Трансформация земного рая в смертную тьму случилась, конечно, не в один миг. Меж ними — путь, полный затейливых приключений. Но и тут Бертман границы авторской эстетики почти не нарушил: и абсурд у него выходил органичным — когда на кладбище он пристроил нечто похожее на чембало, на котором под аккомпанемент настоящего клавесина будет выламываться искуситель Ник Шэдоу, и попытка подхватить читающуюся в опере символику числа «три» как предвестия несчастий получилась удачной. Столько желаний у героя по сюжету: стать богатым, счастливым, добродетельным (результат известен), столько карт он должен угадать, чтобы спасти свою душу (и угадает, но сойдет с ума). В том же количестве зависнут над лондонским, почти игрушечным, как все в геликоновской постановке, жилищем героя хищные акулы и грифоны, а сам особнячок, символ успешности, отзываясь на очередной крах своего владельца, будет проседать: раз — на этаж ниже, два — стал совсем хибаркой, останется сказать «три», чтобы он ушел в землю погребальной домовиной. Но это скажут уже авторы, отправив героя в сумасшедший дом, где каждый умер для мира сего… Как ни забавно, число промахов, повредивших в целом стройному, логичному, прозрачному по смыслам спектаклю, тоже равно трем. Два — из относительно безобидных: прорвалась-таки геликоновская страсть к откровенному, на грани фола, эротизму в виде оголенных проституток обоих полов, к месту и не к месту населивших спектакль, и зачем-то вынес режиссер задорный эпилог с моральными сентенциями подальше от трагической развязки — за актерские поклоны и зрительские аплодисменты. Третий же промах представляется по-настоящему ложным шагом с последствиями.

Спой, Анюта!

Когда полгодом ранее восстановленный на Камерной сцене Большого «Повеса» Бориса Покровского тоже запел на великом и могучем, причина еще находилась. С названием воссоздавали и эстетику легендарного режиссера, а тот ставил свой спектакль, когда опус Стравинского у нас никто не знал, титров не было в помине, наконец, сам мэтр вообще выступал за исполнение опер на родном для слушателя языке. В «Геликоне» же, с рождения заточенном на европейские постановочные ценности, петь привыкли на языке оригинала. Значит, выбор русского либретто — позиция. Ее минус очевиден: перевод корежит оригинальную темпоритмику. А плюс… Звуковая ткань «Повесы» сама по себе есть интереснейший опыт по скрещиванию жесткого, пружинистого английского слова с классическими оперными формами, произросшими из пластичнейшего итальянского языка. Но английский Стравинскому чужой (он до конца дней говорил и думал на русском). И опыт вышел довольно заковыристым: говорят, даже натуральным англосаксам воспроизвести его — не поле перейти. Перевод, возможно, виделся геликоновцам спасательным кругом. Однако, приобретя названное плавсредство, потеряли они куда больше.

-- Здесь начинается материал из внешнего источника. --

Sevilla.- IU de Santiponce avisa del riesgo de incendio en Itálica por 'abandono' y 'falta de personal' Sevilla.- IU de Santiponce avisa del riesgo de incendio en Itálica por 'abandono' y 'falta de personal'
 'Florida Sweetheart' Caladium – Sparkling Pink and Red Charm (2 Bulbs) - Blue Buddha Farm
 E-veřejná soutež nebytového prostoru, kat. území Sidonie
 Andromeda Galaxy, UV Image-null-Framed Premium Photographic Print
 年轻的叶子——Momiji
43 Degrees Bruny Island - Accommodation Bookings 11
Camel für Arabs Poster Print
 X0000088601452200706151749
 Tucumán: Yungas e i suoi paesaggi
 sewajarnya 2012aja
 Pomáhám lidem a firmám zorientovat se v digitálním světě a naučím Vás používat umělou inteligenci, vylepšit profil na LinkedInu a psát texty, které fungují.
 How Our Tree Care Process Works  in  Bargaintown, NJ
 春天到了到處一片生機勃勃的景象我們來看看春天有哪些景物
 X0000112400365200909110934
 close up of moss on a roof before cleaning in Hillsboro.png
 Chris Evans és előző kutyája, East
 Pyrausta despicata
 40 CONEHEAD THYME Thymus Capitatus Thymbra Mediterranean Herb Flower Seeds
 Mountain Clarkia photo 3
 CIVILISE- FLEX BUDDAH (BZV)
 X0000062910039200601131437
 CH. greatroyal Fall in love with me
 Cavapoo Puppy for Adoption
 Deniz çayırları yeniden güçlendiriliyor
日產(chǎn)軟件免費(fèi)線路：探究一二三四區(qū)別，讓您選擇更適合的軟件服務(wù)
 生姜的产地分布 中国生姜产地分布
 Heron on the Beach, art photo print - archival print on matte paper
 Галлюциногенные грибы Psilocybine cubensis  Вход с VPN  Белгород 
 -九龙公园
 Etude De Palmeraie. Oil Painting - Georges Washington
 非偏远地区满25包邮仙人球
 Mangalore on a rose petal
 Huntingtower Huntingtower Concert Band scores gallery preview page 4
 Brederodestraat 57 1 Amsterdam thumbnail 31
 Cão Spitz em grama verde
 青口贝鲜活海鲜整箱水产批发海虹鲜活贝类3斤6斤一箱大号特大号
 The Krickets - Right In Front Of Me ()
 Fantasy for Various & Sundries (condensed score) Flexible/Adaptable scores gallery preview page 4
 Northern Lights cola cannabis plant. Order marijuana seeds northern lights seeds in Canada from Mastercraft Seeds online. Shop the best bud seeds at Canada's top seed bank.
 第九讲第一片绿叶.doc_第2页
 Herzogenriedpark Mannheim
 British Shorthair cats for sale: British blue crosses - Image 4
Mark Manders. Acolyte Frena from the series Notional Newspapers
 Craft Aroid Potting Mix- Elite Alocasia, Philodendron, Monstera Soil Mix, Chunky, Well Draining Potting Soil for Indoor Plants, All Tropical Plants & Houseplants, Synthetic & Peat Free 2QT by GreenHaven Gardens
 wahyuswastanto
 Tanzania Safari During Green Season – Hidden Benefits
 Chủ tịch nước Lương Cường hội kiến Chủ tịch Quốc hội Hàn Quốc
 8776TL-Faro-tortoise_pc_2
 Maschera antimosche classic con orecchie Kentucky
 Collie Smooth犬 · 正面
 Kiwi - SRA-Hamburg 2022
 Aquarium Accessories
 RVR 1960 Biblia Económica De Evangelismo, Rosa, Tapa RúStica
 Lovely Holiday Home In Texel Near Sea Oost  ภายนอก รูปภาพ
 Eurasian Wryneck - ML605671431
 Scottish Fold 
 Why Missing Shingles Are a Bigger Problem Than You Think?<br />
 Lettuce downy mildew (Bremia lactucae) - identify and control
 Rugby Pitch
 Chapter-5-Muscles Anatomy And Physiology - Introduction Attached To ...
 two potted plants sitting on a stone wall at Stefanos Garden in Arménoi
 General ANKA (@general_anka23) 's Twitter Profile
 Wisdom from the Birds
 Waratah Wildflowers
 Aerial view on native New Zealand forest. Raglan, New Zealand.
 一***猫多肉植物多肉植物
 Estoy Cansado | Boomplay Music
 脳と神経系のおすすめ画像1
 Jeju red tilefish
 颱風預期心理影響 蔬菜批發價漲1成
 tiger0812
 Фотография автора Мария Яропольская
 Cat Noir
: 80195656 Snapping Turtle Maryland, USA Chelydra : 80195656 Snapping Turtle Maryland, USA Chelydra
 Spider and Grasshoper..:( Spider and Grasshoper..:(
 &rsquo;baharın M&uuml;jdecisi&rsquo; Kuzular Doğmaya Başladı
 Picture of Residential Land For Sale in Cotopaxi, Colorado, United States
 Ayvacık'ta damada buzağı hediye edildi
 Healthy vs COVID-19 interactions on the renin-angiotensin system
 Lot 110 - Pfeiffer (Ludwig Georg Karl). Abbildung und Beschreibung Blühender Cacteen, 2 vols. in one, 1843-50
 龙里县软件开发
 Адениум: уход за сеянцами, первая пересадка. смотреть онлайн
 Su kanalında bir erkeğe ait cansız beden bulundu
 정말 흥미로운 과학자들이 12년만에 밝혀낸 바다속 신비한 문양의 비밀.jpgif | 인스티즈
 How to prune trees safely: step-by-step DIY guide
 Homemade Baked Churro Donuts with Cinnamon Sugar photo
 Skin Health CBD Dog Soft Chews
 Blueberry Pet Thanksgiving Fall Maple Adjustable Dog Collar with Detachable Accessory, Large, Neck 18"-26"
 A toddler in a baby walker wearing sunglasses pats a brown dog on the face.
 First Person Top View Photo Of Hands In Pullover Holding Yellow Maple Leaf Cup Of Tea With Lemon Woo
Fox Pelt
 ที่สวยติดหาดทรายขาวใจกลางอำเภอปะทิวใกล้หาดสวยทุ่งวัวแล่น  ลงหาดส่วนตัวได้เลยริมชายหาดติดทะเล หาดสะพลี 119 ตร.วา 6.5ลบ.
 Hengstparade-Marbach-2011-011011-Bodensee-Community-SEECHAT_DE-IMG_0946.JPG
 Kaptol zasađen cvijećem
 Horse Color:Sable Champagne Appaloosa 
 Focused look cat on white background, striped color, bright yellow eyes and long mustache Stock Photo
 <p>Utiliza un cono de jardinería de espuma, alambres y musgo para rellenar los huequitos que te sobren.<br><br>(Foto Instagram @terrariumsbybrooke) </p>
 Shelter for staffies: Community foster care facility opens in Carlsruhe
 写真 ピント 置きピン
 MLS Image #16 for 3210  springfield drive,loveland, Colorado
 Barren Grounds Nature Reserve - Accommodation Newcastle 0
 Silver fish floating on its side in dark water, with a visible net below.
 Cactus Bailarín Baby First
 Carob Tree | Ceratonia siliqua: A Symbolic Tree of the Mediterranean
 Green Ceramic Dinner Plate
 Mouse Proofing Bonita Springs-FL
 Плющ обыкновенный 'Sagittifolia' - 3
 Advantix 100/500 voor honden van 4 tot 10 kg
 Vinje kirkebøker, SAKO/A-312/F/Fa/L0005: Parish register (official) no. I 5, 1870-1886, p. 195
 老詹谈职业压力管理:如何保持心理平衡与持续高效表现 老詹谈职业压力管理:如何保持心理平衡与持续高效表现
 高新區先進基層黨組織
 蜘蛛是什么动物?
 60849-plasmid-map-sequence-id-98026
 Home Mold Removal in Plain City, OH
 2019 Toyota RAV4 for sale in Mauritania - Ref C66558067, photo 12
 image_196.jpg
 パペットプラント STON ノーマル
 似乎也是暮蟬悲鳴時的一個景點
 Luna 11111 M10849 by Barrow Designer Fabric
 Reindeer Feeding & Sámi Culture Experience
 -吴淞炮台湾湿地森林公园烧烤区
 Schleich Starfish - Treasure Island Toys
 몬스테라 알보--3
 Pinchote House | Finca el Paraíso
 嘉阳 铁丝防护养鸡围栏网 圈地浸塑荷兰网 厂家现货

…Тщательно следил за элегантностью звучания оркестра и точностью воспроизведения безудержных ритмических фантазий композитора дирижер Валерий Кирьянов, мастерски выводили свои сольные партии инструменталисты (недаром и справедливо все восемнадцать поименованы в программке); как в яблочко, попадал в образ искусителя Константин Бржинский, и, что еще существеннее, — на редкость хороши были исполнители лирических партий Александра Соколова и Даниил Гаркунов. Она — ангел во плоти, в эфирно-зефирной партии Энн сумевшая избежать монотонности, он — будто наследник старой школы, из которой вышел Лемешев с его мягким тембром и завораживающей выразительностью звуковедения. Оба не знают штампов и очень молоды, что сообщает спектаклю особую пронзительность: страшный путь прошли почти дети. Но при всех исполнительских достоинствах постановки в ней не будет того, без чего настоящего Стравинского не представить, — стильности. А что такое стиль, он определил сам, развив одну шёнберговскую цитату: «То, что говорит китайский философ, не может быть отделено от того факта, что он говорит это по-китайски».